Monday, December 17, 2007

Goldman May Break Record With $10 Billion Hedge Fund (Update1)

By Katherine Burton and Christine Harper

Dec. 17 (Bloomberg) -- Goldman Sachs Group Inc. may start its newest stock hedge fund with as much as $10 billion in what would be the biggest debut in the industry's history, two people with knowledge of the fund said.

Goldman Sachs Investment Partners, set to open Jan. 1, is being run by traders who previously worked on the New York-based company's proprietary equity desk. They are led by Raanan Agus, 40, who had been head of the bank's principal strategies group since 2003, and Kenneth Eberts, 41, who had been in charge of U.S. investments since 2003.

The equity trading group, once overseen by former U.S. Treasury Secretary Robert Rubin, has spawned at least six multibillion-dollar hedge funds, including those managed by Richard Perry, Daniel Och and Eric Mindich. They all left Goldman to start their own firms. This time the traders are staying at Goldman, moving to its asset-management group.

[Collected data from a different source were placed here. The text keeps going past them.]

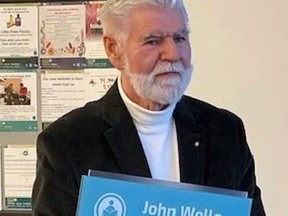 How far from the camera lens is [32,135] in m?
2.06

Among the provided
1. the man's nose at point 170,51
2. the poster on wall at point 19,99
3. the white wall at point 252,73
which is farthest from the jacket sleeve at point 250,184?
the poster on wall at point 19,99

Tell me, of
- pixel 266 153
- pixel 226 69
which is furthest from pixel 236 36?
pixel 266 153

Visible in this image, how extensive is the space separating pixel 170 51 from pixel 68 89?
2.75 ft

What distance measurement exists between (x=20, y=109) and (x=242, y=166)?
37.3 inches

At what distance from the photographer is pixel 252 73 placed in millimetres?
1968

``It's a first for Goldman to offer an in-house fund'' to keep talented people, said Jeff Tarrant, chief investment officer of New York-based Protege Partners LLC, which farms out money to hedge funds.

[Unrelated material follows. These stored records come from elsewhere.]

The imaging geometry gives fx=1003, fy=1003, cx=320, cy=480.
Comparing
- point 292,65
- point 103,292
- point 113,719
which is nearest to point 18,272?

If Goldman starts the fund with $10 billion, it would surpass the record set last year by Michael McCaffery, former head of Stanford University's endowment, who started his Menlo Park, California-based Makena Capital Management LLC with $7 billion. The firm typically raises money from wealthy investors and institutions such as pension funds and insurers.

Slowdown Among Startups

Andrea Raphael, a Goldman spokeswoman, declined to comment. The people familiar with the fund asked not to be named because it's private.

In the first half of 2007, hedge funds opened at the slowest pace since 2003, and almost all of the $164 billion went to new offerings from managers with proven track records, according to data compiled by Chicago-based Hedge Fund Research Inc. Investors have been spooked by the worst decline in non- government debt markets since Russia defaulted in 1998.

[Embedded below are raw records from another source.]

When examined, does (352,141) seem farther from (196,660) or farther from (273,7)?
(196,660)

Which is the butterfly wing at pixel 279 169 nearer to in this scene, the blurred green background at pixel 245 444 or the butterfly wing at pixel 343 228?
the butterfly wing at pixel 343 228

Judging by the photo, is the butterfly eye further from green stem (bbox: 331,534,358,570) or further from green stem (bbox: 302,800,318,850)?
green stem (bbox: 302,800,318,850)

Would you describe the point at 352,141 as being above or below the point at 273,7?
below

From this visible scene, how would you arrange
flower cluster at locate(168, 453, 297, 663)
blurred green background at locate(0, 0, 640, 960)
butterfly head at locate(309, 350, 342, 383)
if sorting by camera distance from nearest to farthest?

The credit-market turmoil led to losses at some of Goldman's largest hedge funds. Goldman's Global Alpha fund, which started 2007 with more than $10 billion in assets, fell 37 percent through Nov. 30. Its Global Equity Opportunities fund dropped 23 percent in August, and the company and a group of outside investors shored up the fund with $3 billion in new cash.

Losses in the two quantitative funds, which use computer models to make investment decisions, contributed to an 83 percent drop in performance-related fees at the bank.

Selling Goldman Brand

Goldman is selling the new fund on a proven track record and the team's ability to ``leverage the Goldman Sachs brand to source and access investments,'' according to a marketing document obtained by Bloomberg.

The company calculates that if the current fund, which will use borrowed money to double the assets under management, had operated since the beginning of 2004, it would have returned 18 percent a year on average through August 2007. That compares with the gain of about 10 percent for the Standard & Poor's 500 Index and about 12 percent for the CSFB/Tremont index of long- short equity funds.

The fund will start with more than 40 investment professionals from Goldman's proprietary trading group. About 75 percent of the fund will concentrate on shares they expect to rise and those they expect to fall, with another 5 percent dedicated to companies going through mergers or other corporate events, the marketing documents said.

Side-Pocket Included

An additional 10 percent will be slated for investment in corporate credit and 10 percent in private equity or other assets that aren't easily traded.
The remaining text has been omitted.